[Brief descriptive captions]
- - -

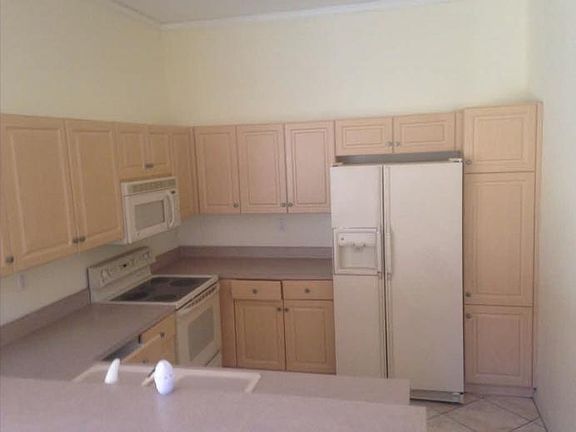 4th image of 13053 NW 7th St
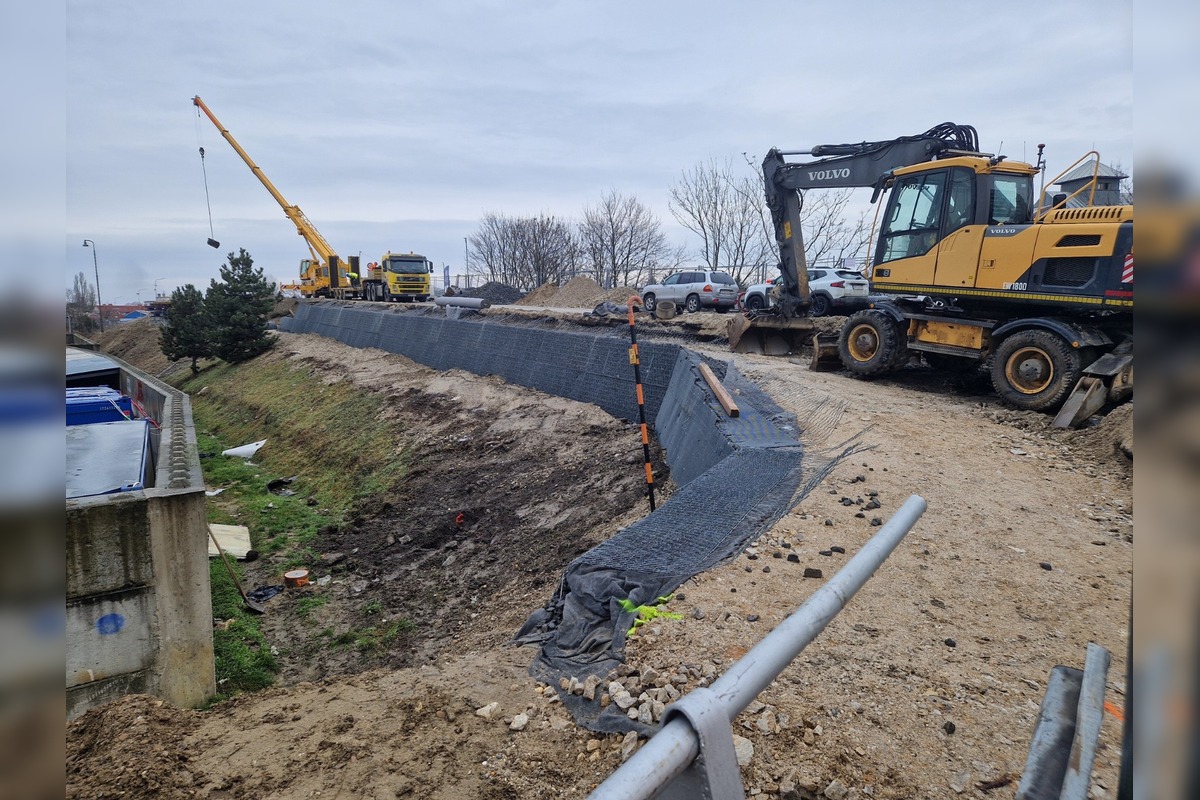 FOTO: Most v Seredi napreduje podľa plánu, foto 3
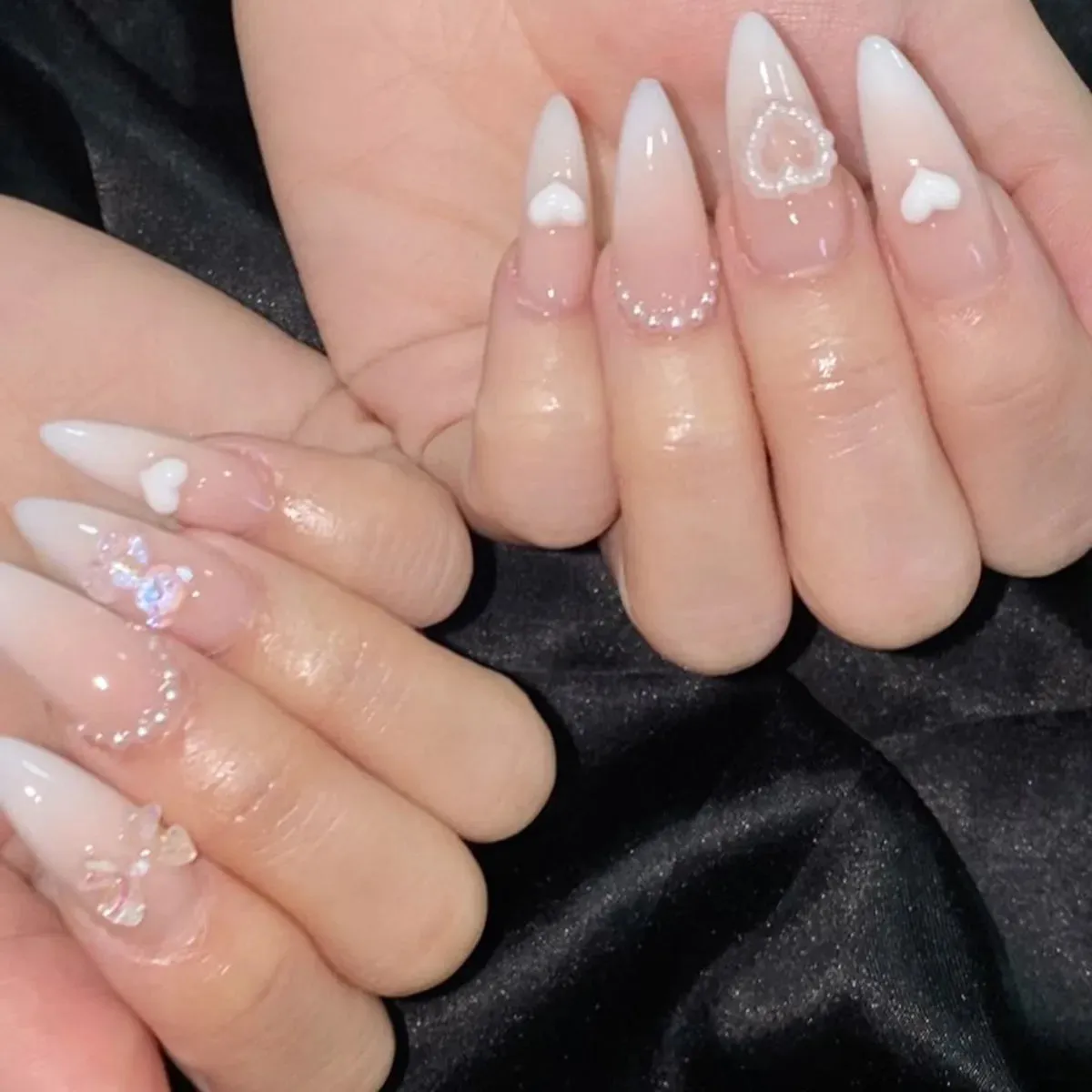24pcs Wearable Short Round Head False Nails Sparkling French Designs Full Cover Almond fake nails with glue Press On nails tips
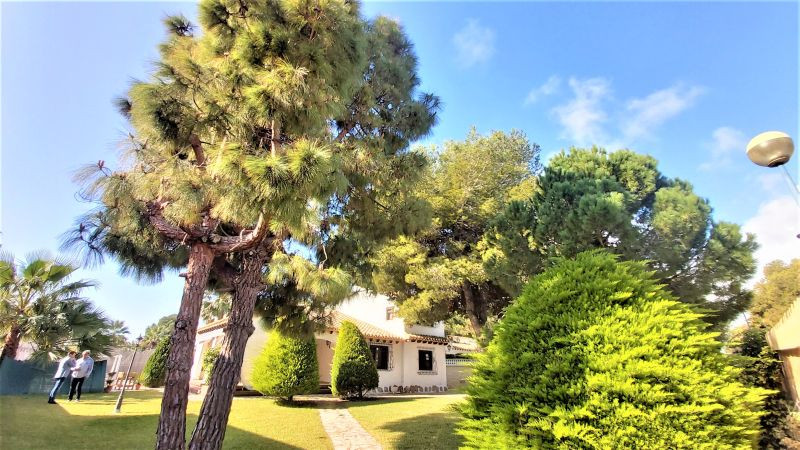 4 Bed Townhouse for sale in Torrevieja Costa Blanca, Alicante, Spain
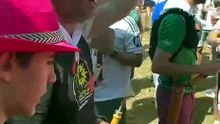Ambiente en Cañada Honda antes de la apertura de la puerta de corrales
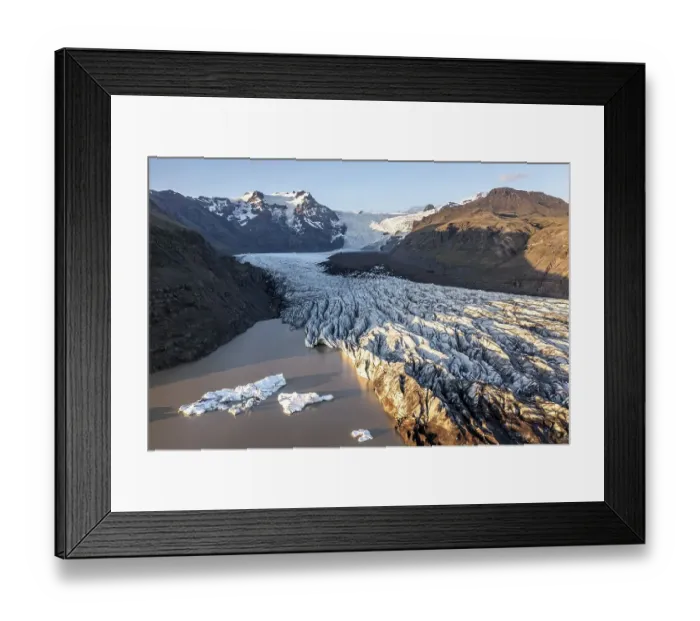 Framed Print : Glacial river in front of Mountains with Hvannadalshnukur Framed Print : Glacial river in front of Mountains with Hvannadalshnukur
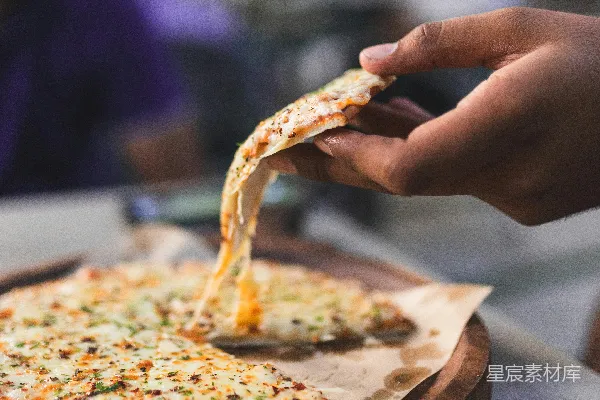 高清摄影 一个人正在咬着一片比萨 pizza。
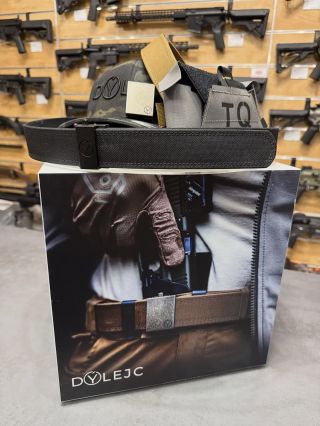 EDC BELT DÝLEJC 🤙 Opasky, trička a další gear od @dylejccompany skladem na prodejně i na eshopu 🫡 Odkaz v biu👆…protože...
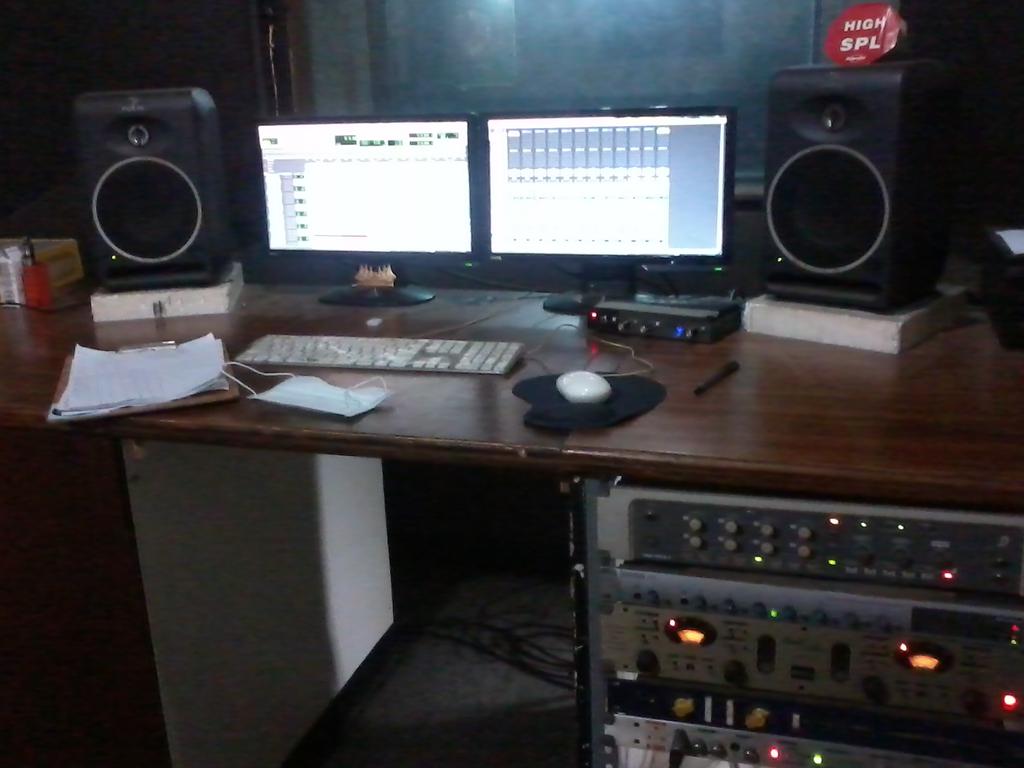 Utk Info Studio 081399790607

- - -

- ASSIGNMENT
All records above are to be repeated exactly, with the images left out.

- TASK OUTPUT
 4th image of 13053 NW 7th St
 FOTO: Most v Seredi napreduje podľa plánu, foto 3
24pcs Wearable Short Round Head False Nails Sparkling French Designs Full Cover Almond fake nails with glue Press On nails tips
 4 Bed Townhouse for sale in Torrevieja Costa Blanca, Alicante, Spain
Ambiente en Cañada Honda antes de la apertura de la puerta de corrales
 Framed Print : Glacial river in front of Mountains with Hvannadalshnukur Framed Print : Glacial river in front of Mountains with Hvannadalshnukur
 高清摄影 一个人正在咬着一片比萨 pizza。
 EDC BELT DÝLEJC 🤙 Opasky, trička a další gear od @dylejccompany skladem na prodejně i na eshopu 🫡 Odkaz v biu👆…protože...
 Utk Info Studio 081399790607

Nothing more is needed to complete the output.